▶ _Task objective_:
Reproduce the full listing below unchanged, apart from the pictures.

▶ _Supplied material_:
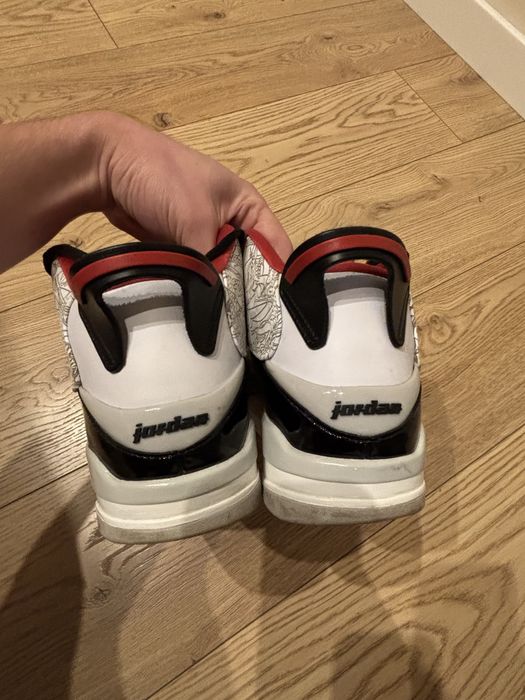Buty Air Jordan Dub Zero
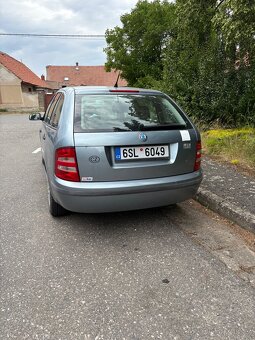 Fabia combi 1.4 mpi 50kw - 3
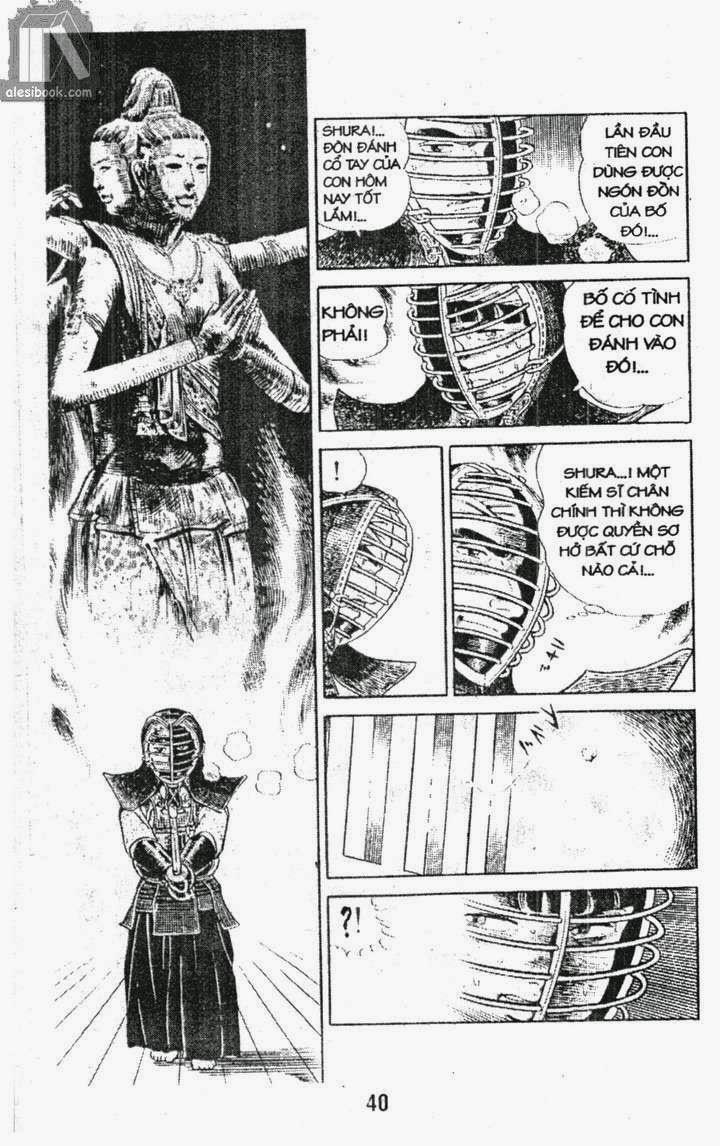 Musashi Chapter 1 - Trang 2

▶ _Written answer_:
Buty Air Jordan Dub Zero
 Fabia combi 1.4 mpi 50kw - 3
 Musashi Chapter 1 - Trang 2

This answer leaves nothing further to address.